If your kitchen project involves moving walls or relocating the range hood (which means re-routing ductwork), add time for structural work and permitting.
Primary Suite (Bedroom + Bath)
Typical timeline: 4–7 months
The combination of a bedroom redesign with a bath renovation is one of our most common project types in Scottsdale's luxury residential market. The bedroom side drives the procurement timeline (custom furniture, window treatments, bedding, art). The bath side drives the construction timeline. They often run in parallel, which is one of the advantages of having a single designer coordinate both.
Whole-Home Renovation (Existing Structure)

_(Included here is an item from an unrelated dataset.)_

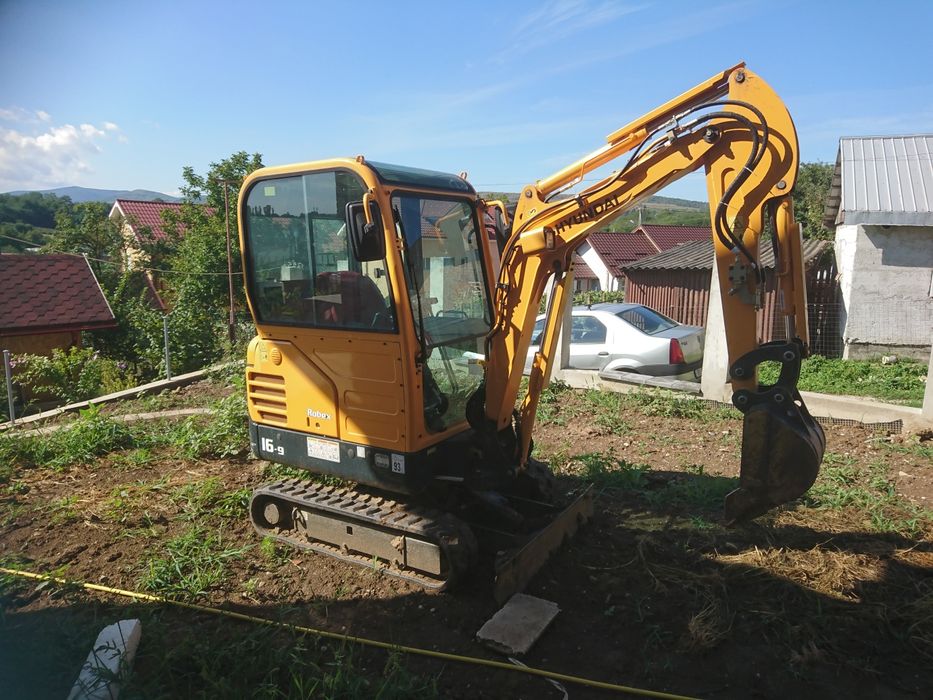 Inchiriez buldo excavator, camion, miniexcavator, excavator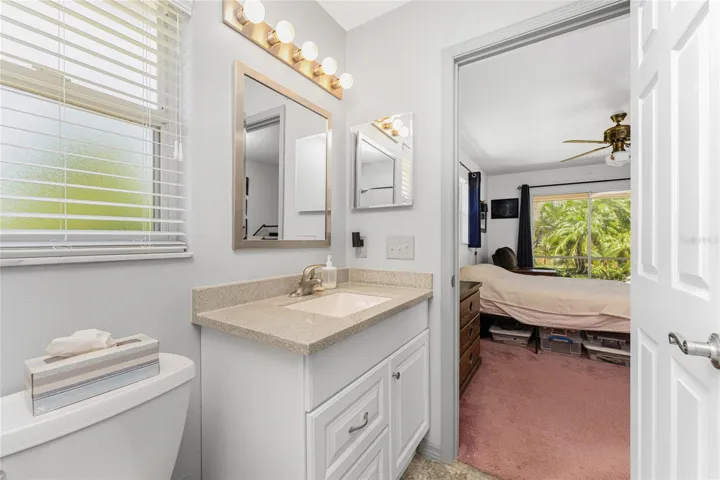En suite master bathroom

Typical timeline: 8-12 months
This is the most common place where timeline expectations diverge sharply from reality. Homeowners who've seen a full-home renovation done on television in 48 minutes have a reference point that has nothing to do with how projects actually work.

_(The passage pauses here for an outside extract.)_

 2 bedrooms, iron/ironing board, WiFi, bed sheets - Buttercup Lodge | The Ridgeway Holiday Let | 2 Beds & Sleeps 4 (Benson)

A whole-home renovation in a 3,500–6,000 square foot Scottsdale home involves months of design development before a single contractor is on-site. Every surface, every fixture, every built-in, every piece of furniture needs to be specified, priced, approved, and ordered in the right sequence. Construction itself, with the trades coordinated, typically runs 6–12 months. Furnishings installation follows after construction is complete.
The 12-month floor assumes a relatively smooth process. If there are structural discoveries during demolition and there almost always are something, if the contractor has scheduling conflicts, or if a major item is damaged in transit and must be reordered, 12 months is realistic. Plan for it.

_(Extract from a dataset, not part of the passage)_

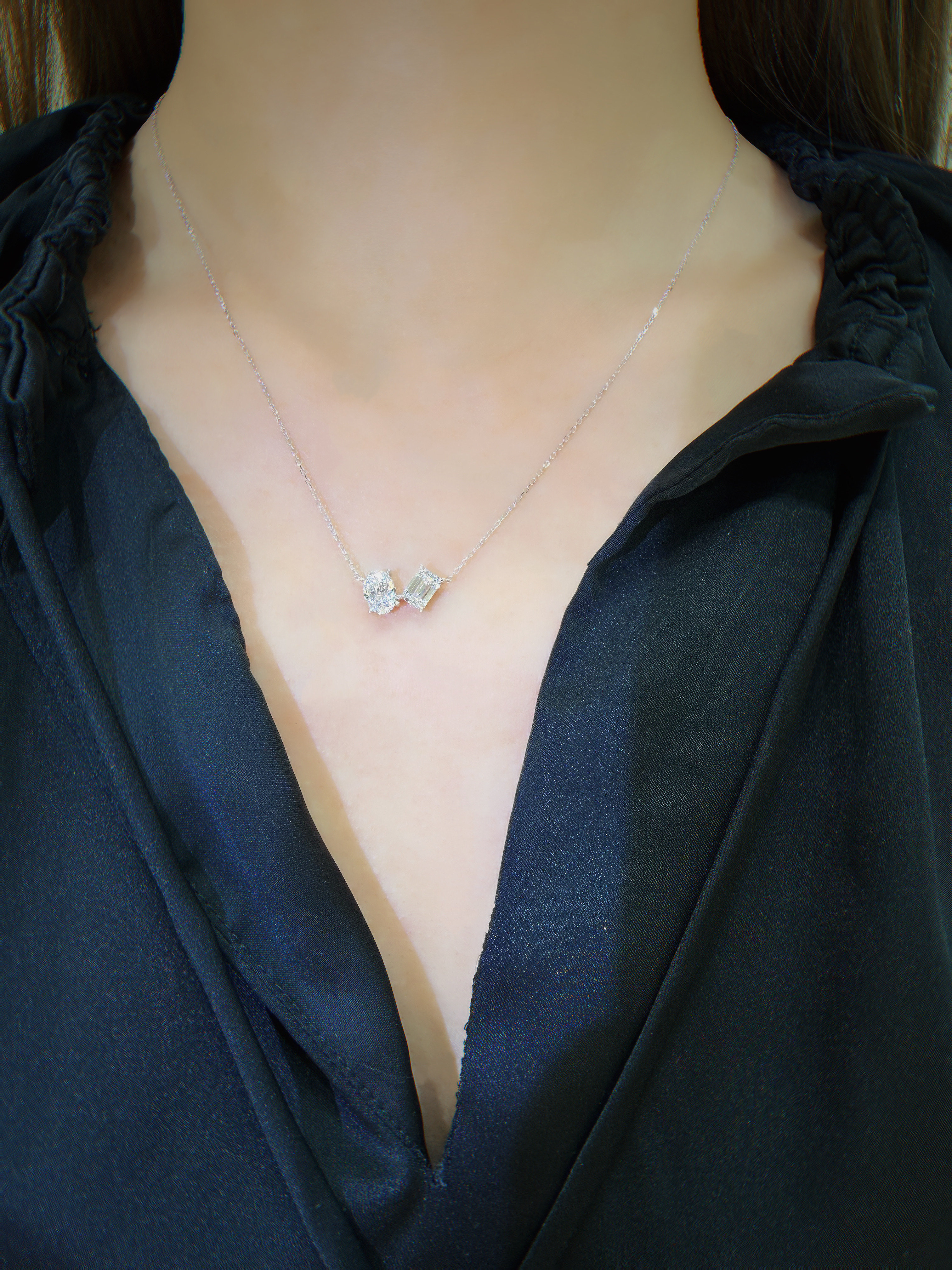 Asymmetric diamond necklace in 18k white gold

New Construction Interior Design
Typical timeline: 14-24 months
Working alongside an architect and builder from the early design phase, which is when you should bring in a designer, not after the plans are done. It involves a long, parallel process. Material selections need to be made at specific construction milestones. Plumbing and electrical rough-ins have to be coordinated with fixture specifications. Cabinetry shop drawings need review before fabrication starts.
The longest variable in new construction is often the build itself. Scottsdale-area custom home construction runs 14–24 months from permit to certificate of occupancy for homes in the 4,000–8,000 square foot range. Interior design runs alongside and finishes after. Furnishings delivery and installation typically happen in the final 2–3 months of the timeline.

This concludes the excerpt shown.